INPUT RECORDS section start
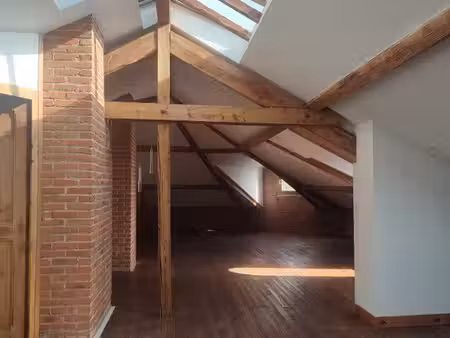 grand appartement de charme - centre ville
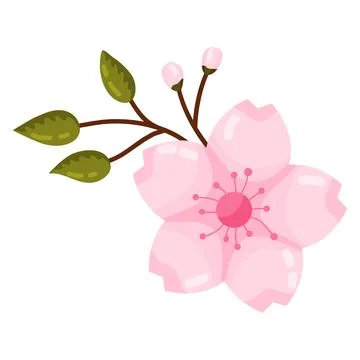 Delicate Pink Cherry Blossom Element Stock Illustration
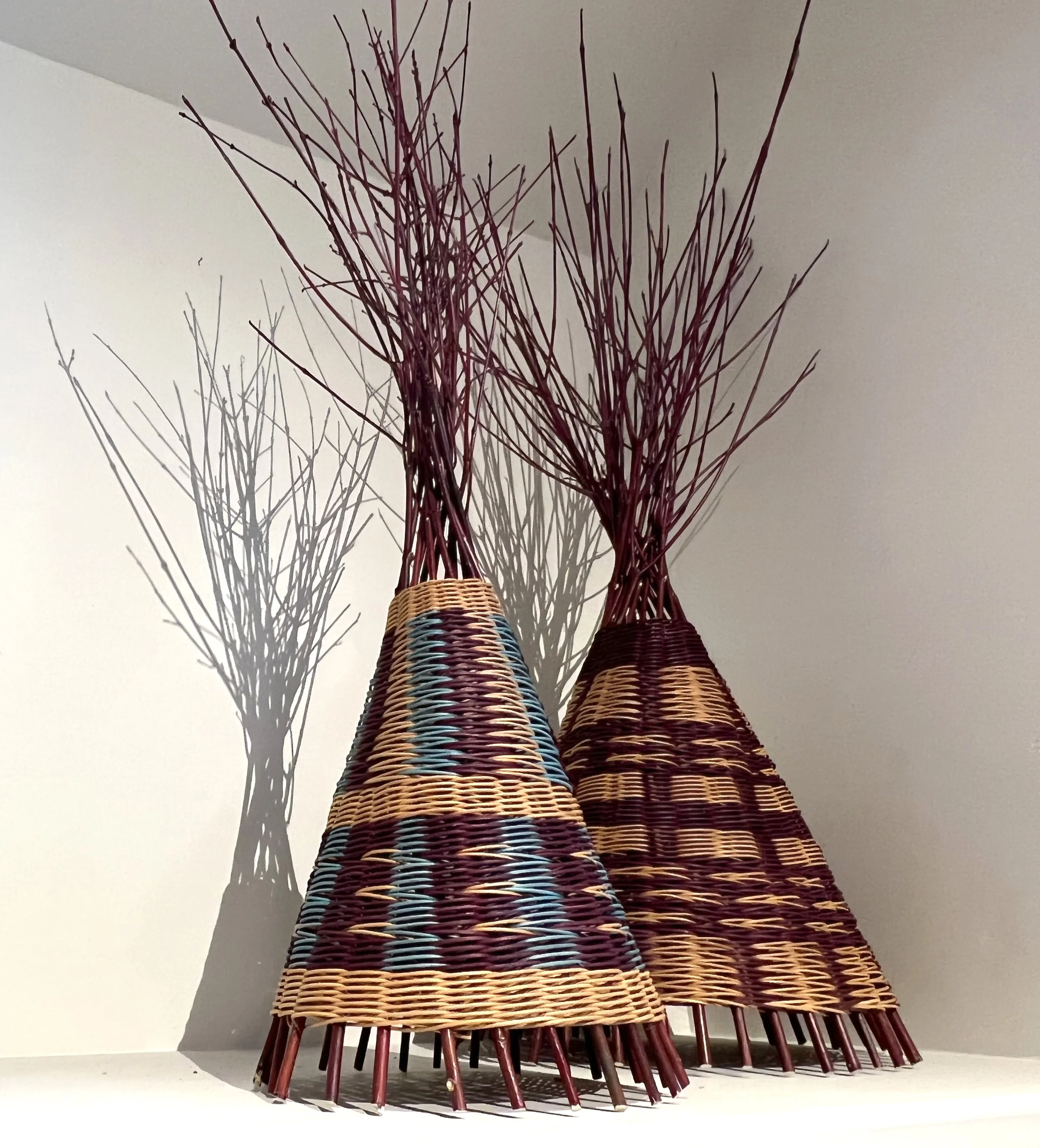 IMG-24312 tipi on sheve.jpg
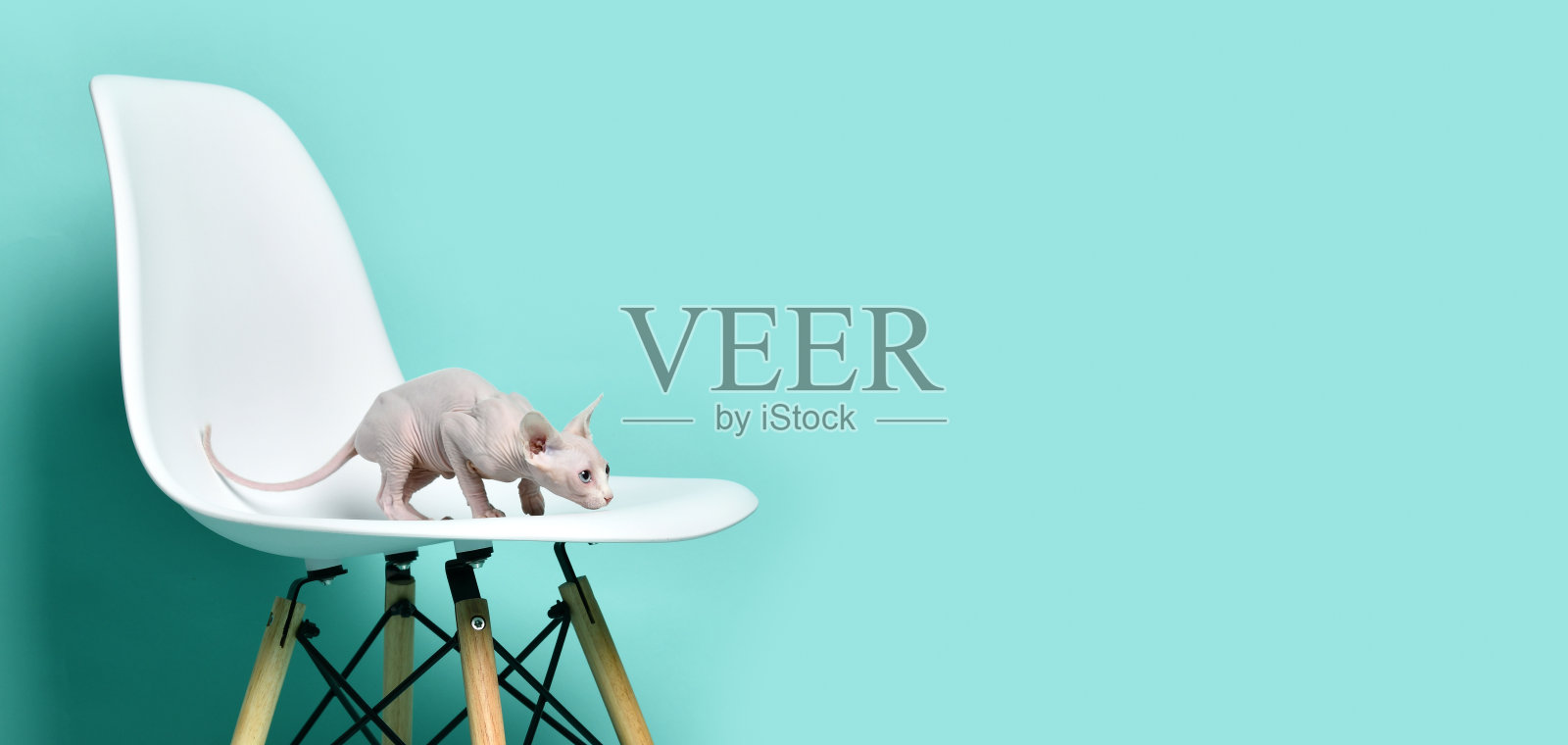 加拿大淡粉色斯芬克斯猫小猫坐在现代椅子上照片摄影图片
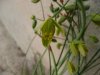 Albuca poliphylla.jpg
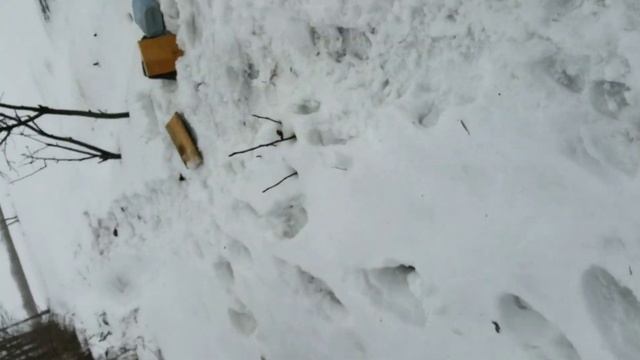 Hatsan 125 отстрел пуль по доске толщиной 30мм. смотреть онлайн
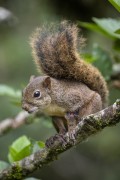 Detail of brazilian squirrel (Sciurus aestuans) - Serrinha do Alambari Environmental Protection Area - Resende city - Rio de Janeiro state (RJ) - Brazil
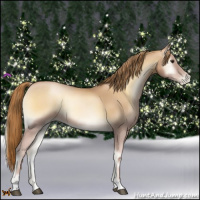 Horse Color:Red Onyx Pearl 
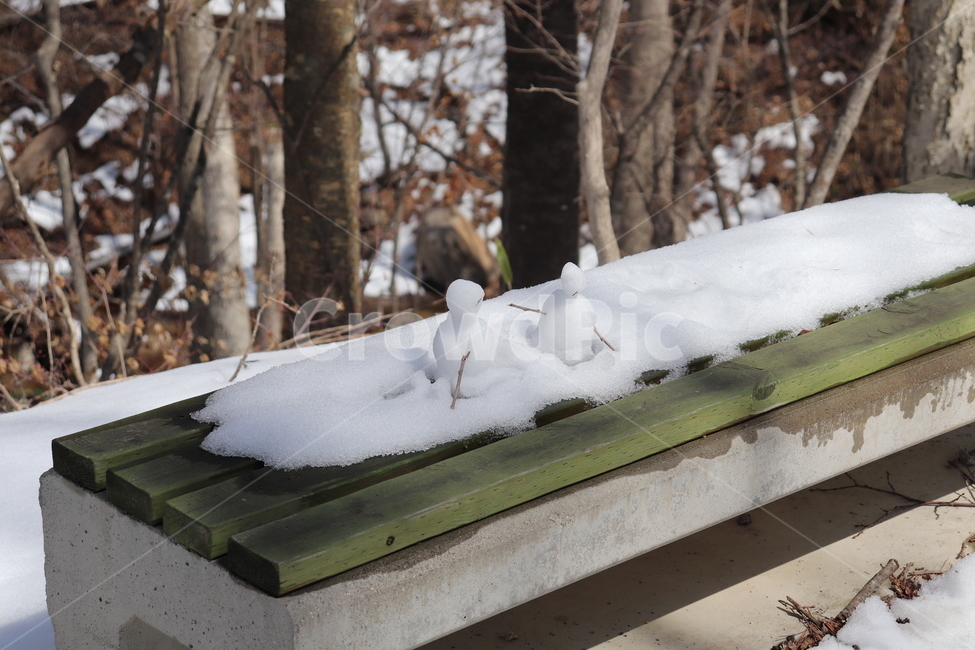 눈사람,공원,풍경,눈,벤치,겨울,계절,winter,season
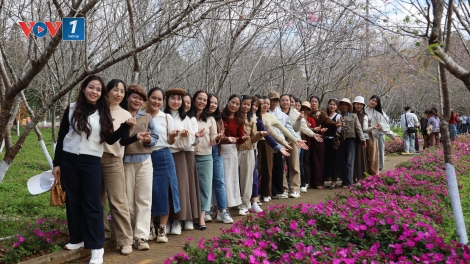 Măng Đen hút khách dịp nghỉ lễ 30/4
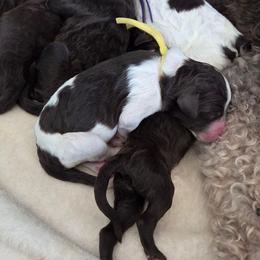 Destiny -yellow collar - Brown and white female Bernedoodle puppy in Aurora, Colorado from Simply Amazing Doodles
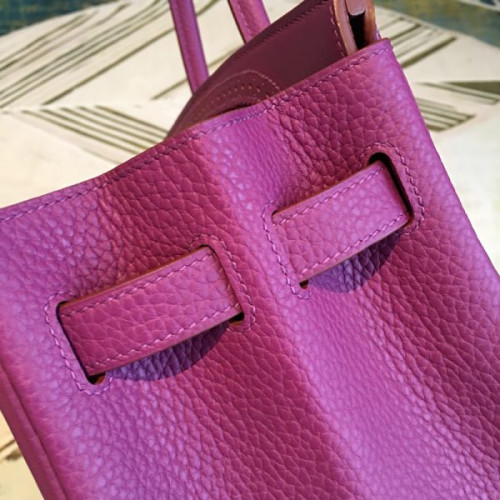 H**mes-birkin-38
INPUT RECORDS section end
TASK STATEMENT -
The lines to restate word for word run from the line that contains "Măng Đen hút khách dịp nghỉ lễ 30/4" through the end of the entries above, both ends included. Leave out all pictures and write nothing else.

RESULT BELOW -
 Măng Đen hút khách dịp nghỉ lễ 30/4
 Destiny -yellow collar - Brown and white female Bernedoodle puppy in Aurora, Colorado from Simply Amazing Doodles
 H**mes-birkin-38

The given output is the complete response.